Tendrá que buscarse la vida en otra banda, o por libre. Dudo mucho
de que a estas alturas encuentre otro idiota como Max. Ya no le
quedan amigos en la profesión a los que chantajear emocionalmente.
Con toda probabilidad acabará en un grupo de segunda fila - aunque
en su boca rebosará prestigio -, que es el lugar que le corresponde.
Tina ha ido a ver a Max a la cárcel muchas veces. Pasó varios meses
culpándole de todo, como siempre. Hiriéndole, maltratándole,
poniéndole zancadillas para que no se levantara del fango. Quería
verle ahí abajo, bien cubierto de mierda. Luego pasó un tiempo sin
aparecer. Otro abandono. Cuando pensó que había hecho suficiente
daño se presentó, pero Max no salió a hablar con ella. Eso sí, la
envió una carta terrible. Max, siempre lúcido, aún sumido en el
dolor, se revolvió y la hizo ver, por fin, su egoísmo, su ausencia,
su frialdad. Ahora Tina llora por las esquinas - se iluminó en tan
sólo un día por medio de las mismas ideas y sentimientos que había
ignorado durante años -, culpable. Repite a quien quiera oír
las líneas de la carta de Max como si fueran suyas, incapaz al
parecer de elaborar opiniones, ideas y sentimientos propios.
Max espera. Lo sé. Esta
vez espera. La primera vez. Tiene todo el tiempo del mundo para
esperar. La cárcel le ha liberado de sus cadenas. Ya no hay batallas
ni asedios. Tampoco ilusiones ni victorias. Tengo miedo por Max. Por
primera vez en la vida no veo ni un atisbo de pasión en él. El puto
loco Max ya no está. Es una montaña de cenizas que guarda en su
seno un último hálito de fuego. Puede que se extinga. Puede esa
mínima llama perdurar, débil, sin calor. O puede que se transforme
en otra energía, con el tiempo. De lo que estoy seguro es de que
jamás volverá a iluminar con su fuego, aquel que ardía en la
calavera plateada de su camiseta cuando regresó a la ciudad.
Ser buena persona me ha
parecido siempre un desperdicio, una puta mierda. Seguiré visitando
a Max y poco más. Nada se puede hacer ya por él. Continúa
enseñándome lo que sabe de la profesión. También he aprendido de
su experiencia a desconfiar de las personas, más aún si cabe.
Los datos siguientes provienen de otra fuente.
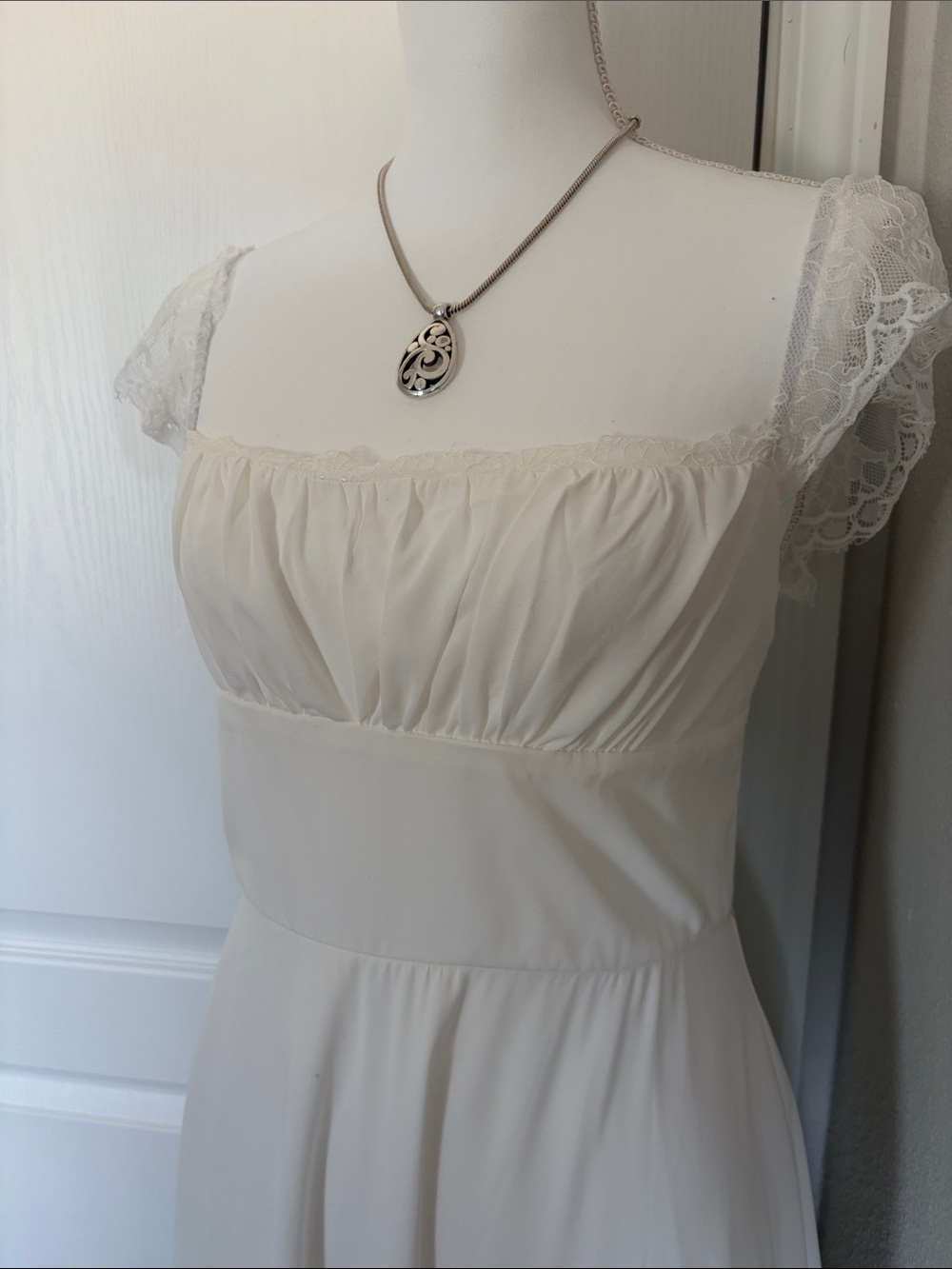 White Lace-Cap Sleeve Midi Dress - Elegant Women’s Dress with corset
La vida es muy simple: o manipulas o te manipulan. Yo, viendo a Max,
siempre he tenido muy claro de qué lado quiero estar. Nuestro mundo
ofrece montañas de cosas que a muchos disgustan y ofenden. Dinero,
fama, poder, superioridad... Yo no me resisto, no pienso, no leo, no
amo, no doy. Lo cojo todo y me voy. Cuando Max salga de la cárcel,
volveremos a brindar con cerveza y whisky, o quizá ya no.